Access to care
Edition: September 2012 - Vol 20 Number 09
The good news stemming from the Supreme Court’s decision to uphold the Affordable Care Act is that as many as 32 million people who had up until now lacked health insurance will now carry it. But the big question is this: If those 32 million people avail themselves of more medical services than they otherwise would have, will there be enough healthcare professionals – particularly, primary care professionals – to care for them?
The Affordable Care Act does indeed offer hope to primary care physicians, primarily through programs that reward providers for delivering high-quality care, such as the Comprehensive Primary Care Initiative and accountable care organizations, says Robert Doherty, senior vice president of governmental affairs and public policy, the American College of Physicians, writing in the organization’s magazine, the Annals of Internal Medicine. (Efforts by Repertoire to interview Doherty were unsuccessful.) He is also upbeat about provisions in the law that prohibit insurers from denying or limiting coverage, and that encourage research on the effectiveness of different treatments.
But the Court’s decision – as well as the Affordable Care Act itself – present continuing challenges to providers, says Doherty. “[P]hysicians are concerned that the [Affordable Care Act] did not eliminate the Medicare Sustainable Growth Rate formula, which has resulted in scheduled cuts in physician payments every year since 2002, even though the cuts are typically overridden by Congress,” he writes. “Many are concerned about the administrative burden of reporting for so many programs, from Medicare e-prescribing to ‘meaningful use’ criteria for electronic health records, to the Medicare Physicians Quality Reporting System, and the penalties they will incur if they do not satisfy the performance metrics.”

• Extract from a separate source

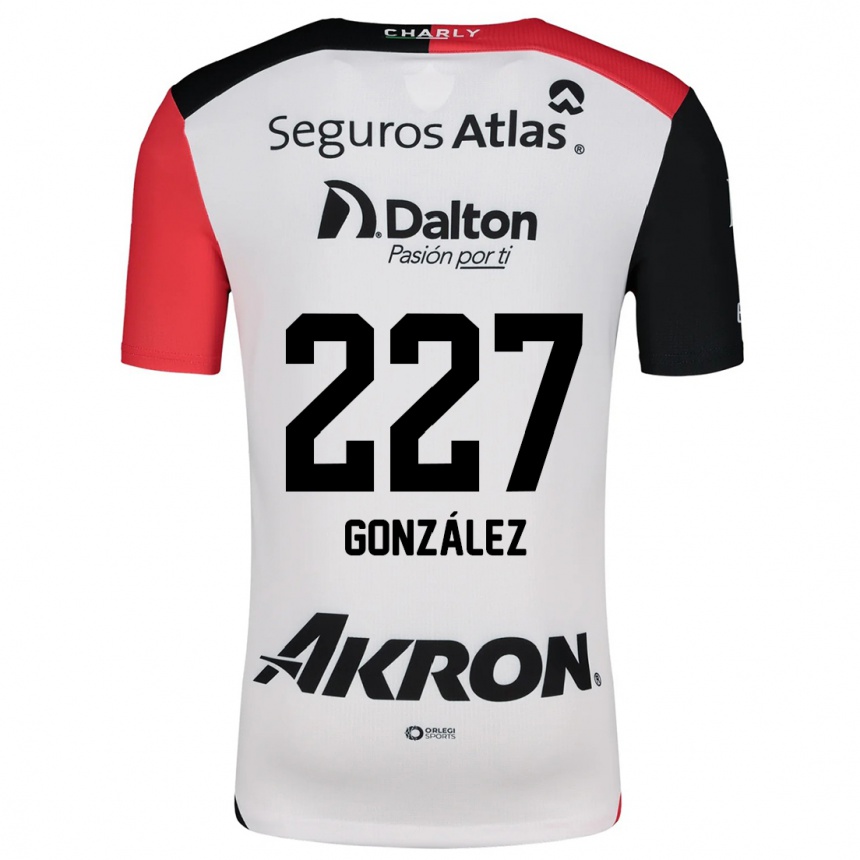 Vaikiškas Rodolfo González #227 Balta Raudona Juoda Išvykos Marškinėliai 2024/25 T-Shirt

Doherty is also concerned that the Supreme Court’s decision about Medicaid could undermine the effectiveness of the Affordable Care Act. The Court ruled that the federal government could not – as the law provided it could – withhold funding for Medicaid to those states that elected not to extend Medicaid coverage to all persons with incomes up to 133 percent of the federal poverty level. “[I]n states that decline to enroll their poor in Medicaid, a law designed to cover nearly everyone could end up extending coverage to everyone except the poor – an unfortunate detour on the road to universal coverage,” Doherty writes.
Community health centers
One sector of the industry that is playing an increasingly important role in caring for uninsured people are community health centers. These centers – which service patients on a sliding fee scale basis – serve more than 20 million patients in 8,000 locations, according to the National Association of Community Health Centers. Their mission will remain largely uninterrupted, thanks to the Supreme Court decision, says NACHC President Tom Van Coverden.
The Court’s decision “means that in the years ahead, millions of newly insured people, and communities identified as medical shortage areas, will gain access to doctors, nurses and other health care professionals, and the quality, cost-effective primary and preventive services our health centers provide,” said Van Coverden in a statement.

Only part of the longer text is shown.